Stored items from a collection:
■ ■ ■ ■

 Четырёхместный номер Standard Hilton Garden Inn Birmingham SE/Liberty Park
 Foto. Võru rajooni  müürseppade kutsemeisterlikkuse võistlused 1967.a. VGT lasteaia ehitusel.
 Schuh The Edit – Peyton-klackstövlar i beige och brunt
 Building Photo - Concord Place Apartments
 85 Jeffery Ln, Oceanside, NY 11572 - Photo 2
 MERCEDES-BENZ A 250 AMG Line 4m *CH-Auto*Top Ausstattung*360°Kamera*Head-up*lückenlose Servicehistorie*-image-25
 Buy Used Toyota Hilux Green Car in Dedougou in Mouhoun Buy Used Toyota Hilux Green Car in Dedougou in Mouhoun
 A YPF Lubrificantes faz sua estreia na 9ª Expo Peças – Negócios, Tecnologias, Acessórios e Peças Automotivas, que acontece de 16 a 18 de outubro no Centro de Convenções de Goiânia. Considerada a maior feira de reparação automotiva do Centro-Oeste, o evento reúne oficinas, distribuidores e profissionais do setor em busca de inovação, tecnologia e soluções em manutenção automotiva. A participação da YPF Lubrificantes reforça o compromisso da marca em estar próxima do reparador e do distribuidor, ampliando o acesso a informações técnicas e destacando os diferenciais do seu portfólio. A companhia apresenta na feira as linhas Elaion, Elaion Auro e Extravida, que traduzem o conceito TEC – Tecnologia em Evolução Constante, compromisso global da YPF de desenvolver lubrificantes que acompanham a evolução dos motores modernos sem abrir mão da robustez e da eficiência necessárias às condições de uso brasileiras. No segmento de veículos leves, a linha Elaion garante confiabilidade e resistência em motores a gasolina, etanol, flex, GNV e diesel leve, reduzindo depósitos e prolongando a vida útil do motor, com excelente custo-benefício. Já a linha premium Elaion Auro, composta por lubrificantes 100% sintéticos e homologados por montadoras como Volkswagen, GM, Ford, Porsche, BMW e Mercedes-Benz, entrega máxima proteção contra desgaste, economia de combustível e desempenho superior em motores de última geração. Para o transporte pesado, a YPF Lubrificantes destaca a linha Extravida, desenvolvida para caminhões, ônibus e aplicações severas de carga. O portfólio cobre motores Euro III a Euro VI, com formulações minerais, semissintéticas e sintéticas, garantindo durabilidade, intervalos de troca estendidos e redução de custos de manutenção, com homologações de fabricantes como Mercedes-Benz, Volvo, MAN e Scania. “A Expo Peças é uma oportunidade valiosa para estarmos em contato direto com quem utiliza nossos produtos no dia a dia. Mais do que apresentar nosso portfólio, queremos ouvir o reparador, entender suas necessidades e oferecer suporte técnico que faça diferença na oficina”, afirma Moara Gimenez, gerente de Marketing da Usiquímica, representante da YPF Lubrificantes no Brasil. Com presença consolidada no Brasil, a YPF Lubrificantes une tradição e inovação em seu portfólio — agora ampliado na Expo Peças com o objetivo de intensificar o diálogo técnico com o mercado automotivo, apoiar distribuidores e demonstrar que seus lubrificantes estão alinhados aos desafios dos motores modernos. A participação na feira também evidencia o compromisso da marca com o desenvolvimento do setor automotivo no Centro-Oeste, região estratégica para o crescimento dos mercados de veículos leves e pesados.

■ ■ ■ ■

(TASK TO COMPLETE): Give back the records above exactly, limited to the lines between the one holding "85 Jeffery Ln, Oceanside, NY 11572 - Photo 2" and the one holding "Buy Used Toyota Hilux Green Car in Dedougou in Mouhoun Buy", inclusive.

(TASK RESULT):
 85 Jeffery Ln, Oceanside, NY 11572 - Photo 2
 MERCEDES-BENZ A 250 AMG Line 4m *CH-Auto*Top Ausstattung*360°Kamera*Head-up*lückenlose Servicehistorie*-image-25
 Buy Used Toyota Hilux Green Car in Dedougou in Mouhoun Buy Used Toyota Hilux Green Car in Dedougou in Mouhoun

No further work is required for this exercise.